アルパカ通信 2025年末特別編【第1回】

昭和100年の節目の2025年、どんな小説が話題に? 映像化作品、海外で評価された作品が目立った1年!アルパカ内田(ブックジャーナリスト)/コグマ部長

年末恒例の「アルパカ通信幻冬舎部年末特別編」。今年2025年は、文芸の、書店界では、どんな1年だったでしょうか?

ブックジャーナリスト・アルパカ内田さんと幻冬舎営業局のコグマ部長が、この1年を振り返ります。(全3回)
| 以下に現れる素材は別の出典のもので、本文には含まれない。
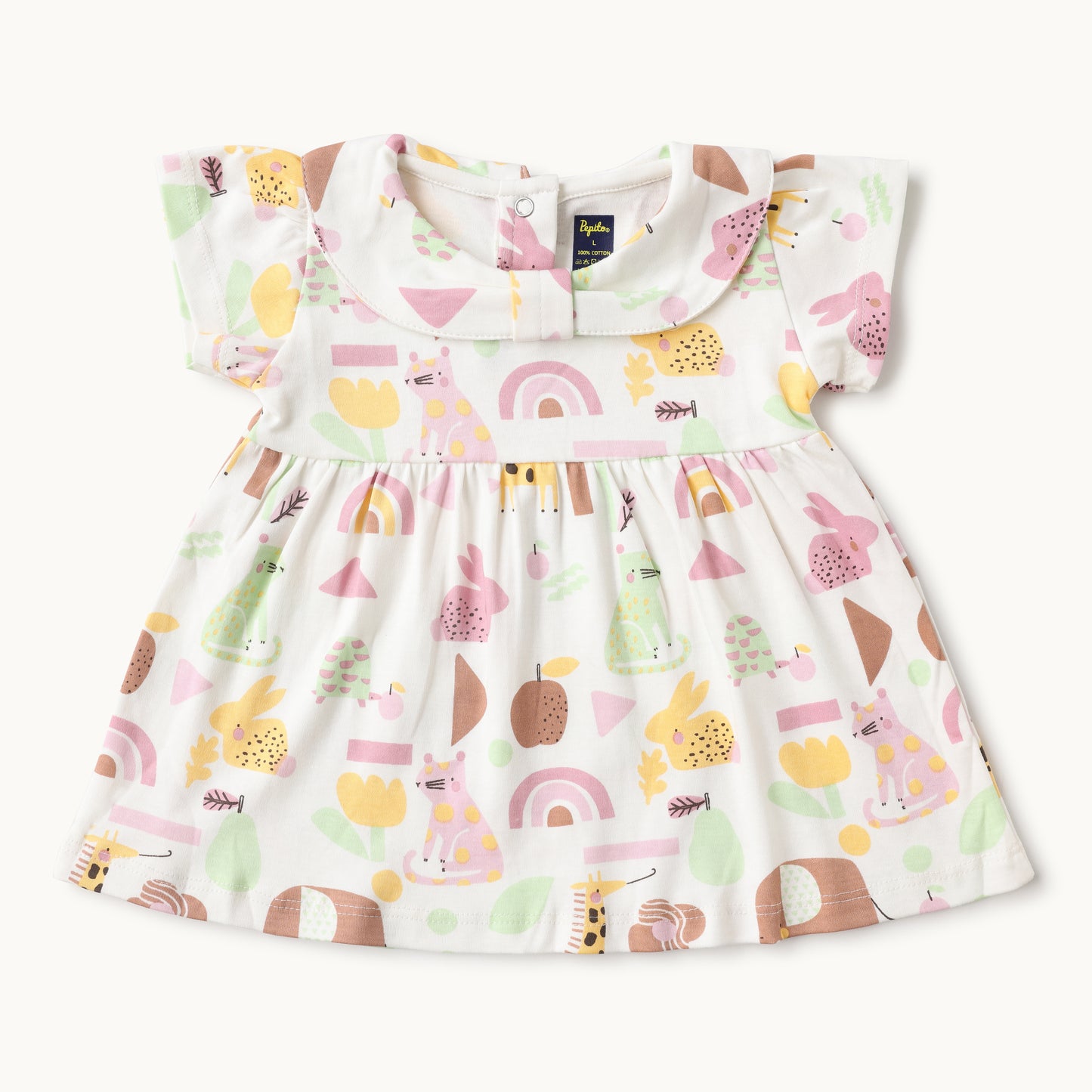 Whimsical Woodland Baby Dress – Soft Cotton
まずは、今年大きく話題になった小説の話から始まります――。

(構成:篠原知存)

左:アルパカ内田さん 右:コグマ部長

*   *   *

アルパカ内田さん(以下アルパカ)  二〇二五年は〝周年〞を迎えた作家の方が目立ちましたね。東野圭吾さんは四〇周年。マスカレードシリーズの『マスカレード・ライフ』を刊行されました。刑事を辞めた主人公がホテルマンに転職。そのホテルで新人文学賞の選考会が開かれ、候補者の一人が、ある死体遺棄事件の重要参考人という設定だけで、もう十二分に面白いです。

『マスカレード・ライフ』
集英社 2200円
ホテル・コルテシア東京で開催されることになった、『日本推理小説新人賞』の選考会。当日、文学賞受賞の候補者として、ある死体遺棄事件の重要参考人が会場に現れる!? 警視庁を辞め、コルテシア東京の保安課長となった新田浩介が、お客様の安全確保を第一に新たな活躍をみせる!
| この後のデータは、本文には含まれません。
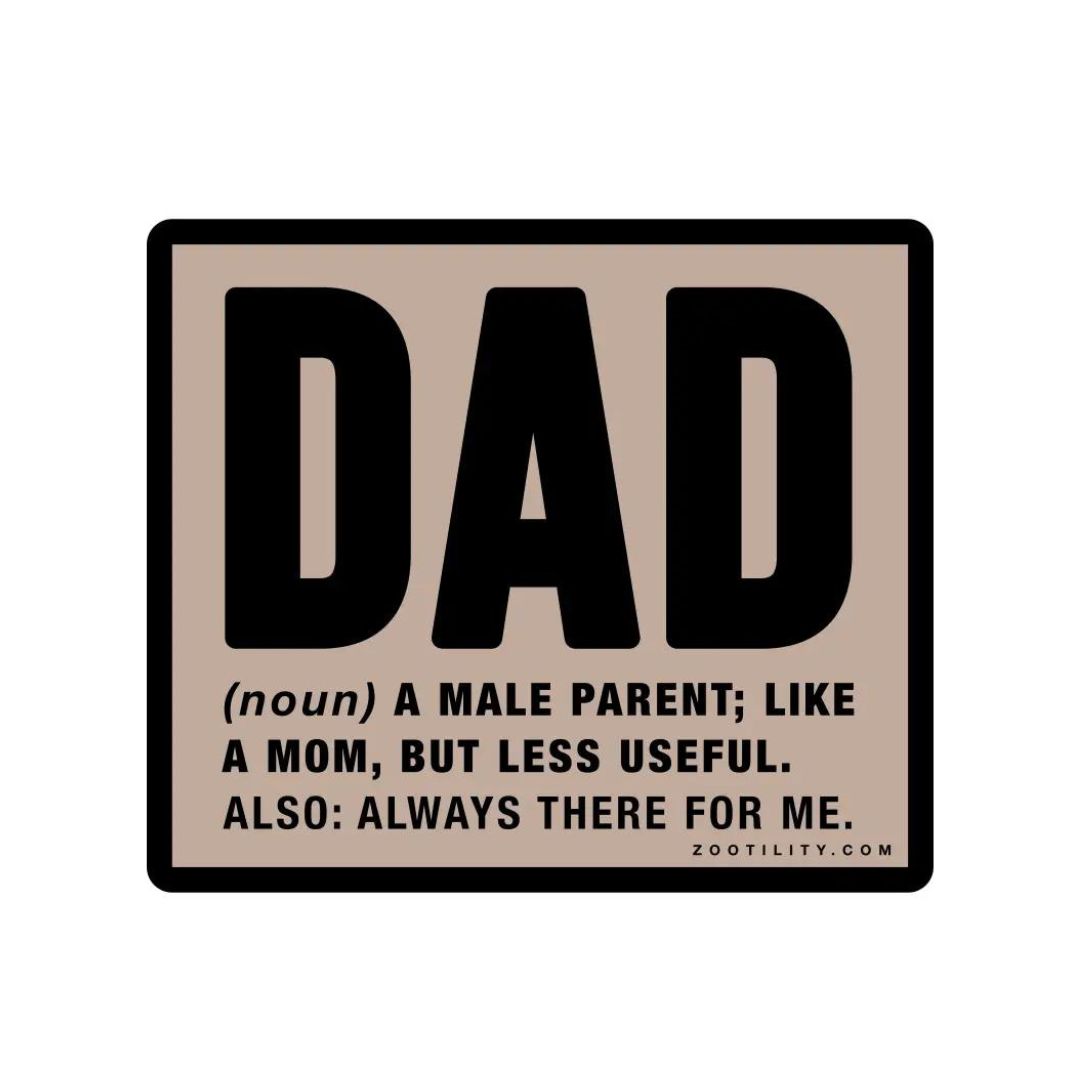 Zootility: Dad Sticker
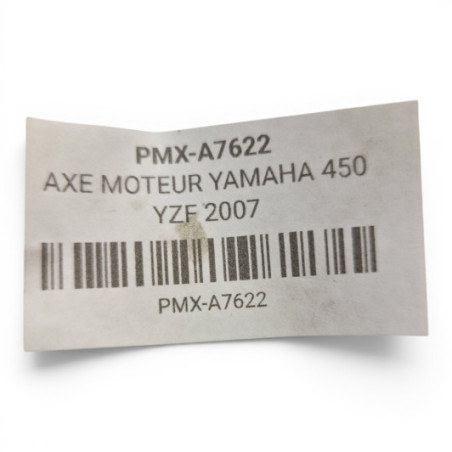 Axe Moteur Yamaha 450 Yzf 2007-2009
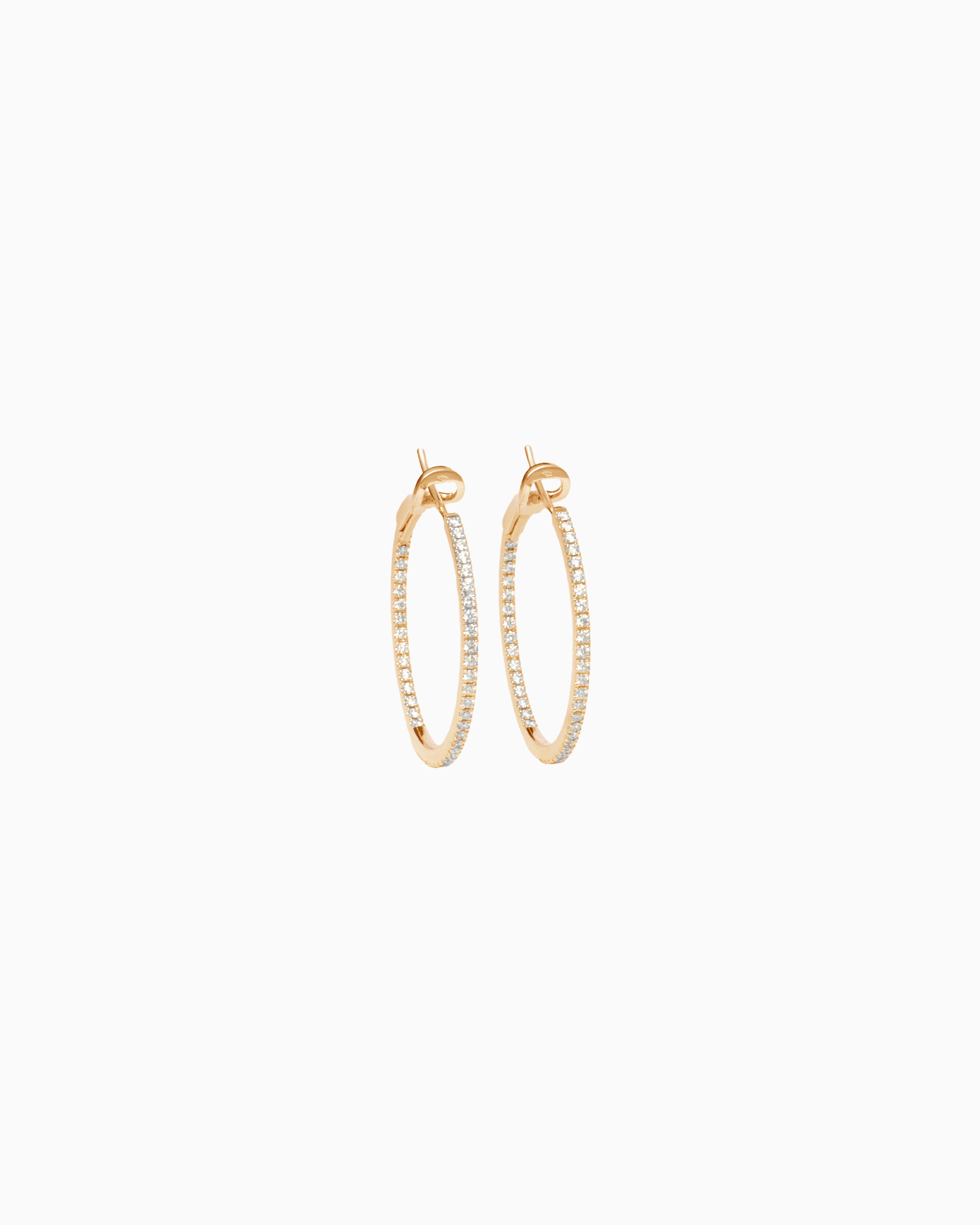Avenne Diamond Hoop Earrings Medium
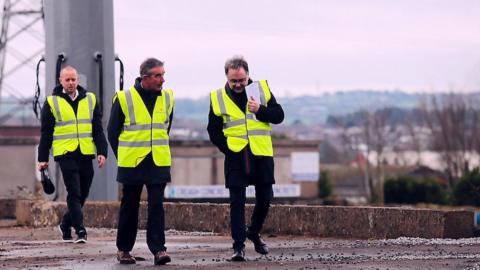 Uefa delegation at casement park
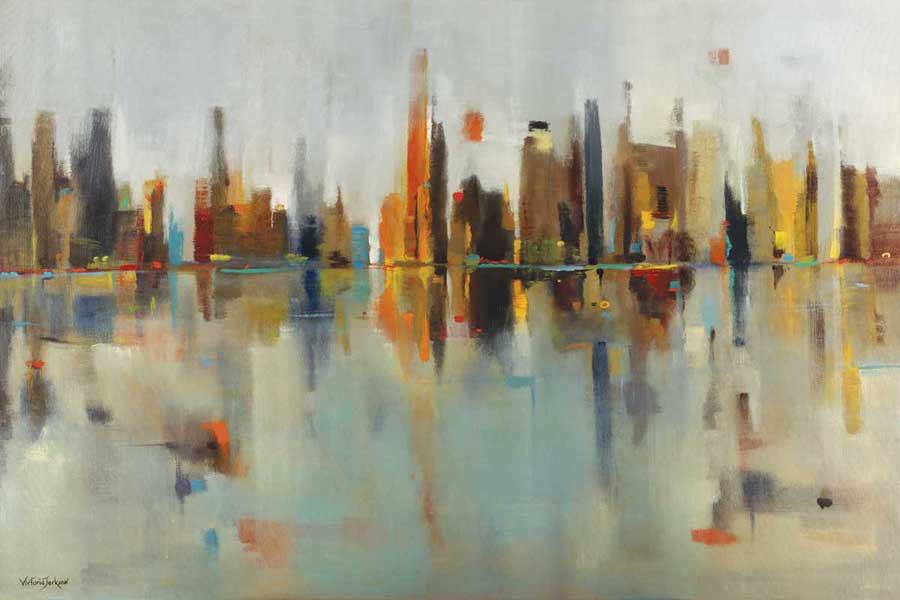 Golden Harbor by artist  Victoria Jackson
コグマ部長(以下コグマ)  四〇周年を記念し、一五年ぶりに東野さんの作品の人気投票が行われました。上位に『容疑者Xの献身』『白夜行』『手紙』と名立たる作品が並ぶなか、幻冬舎の『白鳥とコウモリ』が九位に。会社全体が沸き立ちました。

『白鳥とコウモリ上・下』
幻冬舎文庫 上・下とも880円
2017年、東京竹芝で善良な弁護士、白石健介の遺体が発見された。捜査線上に浮かんだ倉木達郎は、1984年に愛知で起きた金融業者殺害事件と?がりがある人物だった。 そんな中、突然倉木が二つの事件の犯人と自供。事件は解決したと思えたが……。「あなたのお父さんは?をついています」。 被害者の娘と加害者の息子は、互いの父の言動に違和感を抱く。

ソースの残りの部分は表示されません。